Arizona college students build a bike-powered charging station
These N. Arizona University students took an idea from concept to reality — and they didn’t even get class credit for it.
Tue, Feb 12, 2013 at 10:36 AM
Photo: Christina Woodward
College-level class projects can produce some interesting products, but it's often the extra-curricular projects, those initiated by the students, that have the biggest impact. Facebook is an example of an out-of-class project that ended up making a global impact, but not all extra-curricular projects have to have the scope of Facebook to be a success. A student-led project out of Northern Arizona University in Flagstaff is the perfect example of how a simple idea can have an immediate impact.
Last year, a group of NAU students decided to build a stationary bike, but not your typical stationary bike. This bike was designed to recharge small electronic devices — think cellphones and iPods — using 100 percent pedal power. This isn’t the first time a stationary bike has been used to provide electricity, but it was a first for the campus, and the project was entirely student-led.
One of the project participants was Marilla Lamb, a 23-year-old project coordinator at Wind for Schools. Lamb graduated from NAU with an environmental engineering degree in 2012, but she was actively involved in building the Bike-Powered Charging Station.

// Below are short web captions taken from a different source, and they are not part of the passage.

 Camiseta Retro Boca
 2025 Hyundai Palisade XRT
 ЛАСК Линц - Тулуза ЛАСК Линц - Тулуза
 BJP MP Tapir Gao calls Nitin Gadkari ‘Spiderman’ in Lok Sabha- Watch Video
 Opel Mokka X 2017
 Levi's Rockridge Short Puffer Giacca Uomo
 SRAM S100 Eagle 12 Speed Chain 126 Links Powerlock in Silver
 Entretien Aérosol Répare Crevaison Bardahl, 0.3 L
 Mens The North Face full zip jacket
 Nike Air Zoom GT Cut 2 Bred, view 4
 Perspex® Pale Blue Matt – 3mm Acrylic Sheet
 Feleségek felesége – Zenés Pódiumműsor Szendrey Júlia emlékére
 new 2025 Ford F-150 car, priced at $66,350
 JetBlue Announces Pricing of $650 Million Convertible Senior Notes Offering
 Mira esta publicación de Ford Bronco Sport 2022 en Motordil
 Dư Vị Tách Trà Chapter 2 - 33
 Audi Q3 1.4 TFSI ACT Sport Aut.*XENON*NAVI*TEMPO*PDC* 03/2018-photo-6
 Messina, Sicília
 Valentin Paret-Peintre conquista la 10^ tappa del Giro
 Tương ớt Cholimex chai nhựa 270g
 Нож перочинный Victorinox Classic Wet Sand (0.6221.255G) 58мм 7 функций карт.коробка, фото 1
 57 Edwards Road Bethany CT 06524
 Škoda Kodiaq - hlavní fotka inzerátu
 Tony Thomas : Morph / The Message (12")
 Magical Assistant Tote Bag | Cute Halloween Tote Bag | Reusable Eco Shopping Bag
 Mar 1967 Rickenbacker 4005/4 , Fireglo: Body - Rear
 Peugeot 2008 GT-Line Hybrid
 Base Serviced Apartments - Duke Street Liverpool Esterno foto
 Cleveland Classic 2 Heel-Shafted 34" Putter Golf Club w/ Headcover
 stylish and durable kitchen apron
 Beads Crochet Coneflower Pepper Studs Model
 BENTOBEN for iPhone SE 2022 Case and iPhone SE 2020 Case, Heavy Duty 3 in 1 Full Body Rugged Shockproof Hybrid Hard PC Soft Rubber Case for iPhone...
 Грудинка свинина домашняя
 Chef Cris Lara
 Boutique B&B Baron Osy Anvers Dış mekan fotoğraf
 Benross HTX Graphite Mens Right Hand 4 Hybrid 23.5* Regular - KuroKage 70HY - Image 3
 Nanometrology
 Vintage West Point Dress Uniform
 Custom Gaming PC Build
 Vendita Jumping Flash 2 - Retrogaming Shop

According to Lamb, the idea behind the project was “to design and build something which would raise awareness about energy consumption. With the charging station, users can actually feel what it’s like to produce 15 watts, or 200 watts, and they’re able to use that energy to do something useful, like charge their cellphones.”
“As an environmental engineering student, I didn’t get many hands-on assignments like this," said Lamb, describing what appealed to her the most. "For this project, I got to work in the machine shop on campus and learn to use new tools and develop new skills. Throughout the entire experience it was great to get out of my comfort zone and become familiar with topics I previously knew little about.”
Matthew Petney, a 22-year-old senior undergraduate student in the mechanical engineering program at NAU, also worked on the project. Petney explains the student and faculty response to the bike:
“After students get past the confusion of the bike not being a class project, they get pretty excited about it and the possible expansions for this type of technology. Almost immediately after wrapping their head around bicycle power, they start throwing out different ideas: bike-powered espresso machine, bike-powered blenders (which we have built). There are some more complicated ideas too, like bicycle-powered concerts or battle of the bands, where fans are able to control the volume of the band by pedaling faster or slower.”
Petney’s favorite part of the project was seeing the response from the users, “It really makes individuals stop and think for a minute about power and power consumption. It was also great to encourage students and remind them there are so many opportunities for them at NAU. If they have an idea and are motivated to carry it out, they will find faculty or staff who are willing to support them and guide them through the process.”
To help get the word out about the Bike-Powered Charging Station, both Lamb and Petney visited more than a dozen classes, including several freshman seminar courses that focused on the design process. Now word-of-mouth advertising is helping spread the news about the bike, which can be found in the main area of the NAU engineering building.
While there is only one unit right now, Petney sees the potential for more bikes in the future. “This iteration of the bicycle charging station is mostly complete. Of course, it is a student project, so if a group of students is excited about altering some of the components, then I would encourage it. We’re definitely taking all suggestions into consideration for the next version of the charging station, though.”
According to Lamb, “A team in one of the junior-level engineering design classes is designing a new charging station which will have a more interactive display. It will also produce AC electricity, so users can charge laptops and any other device which normally would plug into an outlet.”
This was not a classroom assignment nor was it a small business startup. Instead the Bike-Powered Charging Station was created by a group of students with an entrepreneurial streak who wanted to provide not only provide a valuable service to their fellow students but to also combine this service with an energy consumption educational campaign.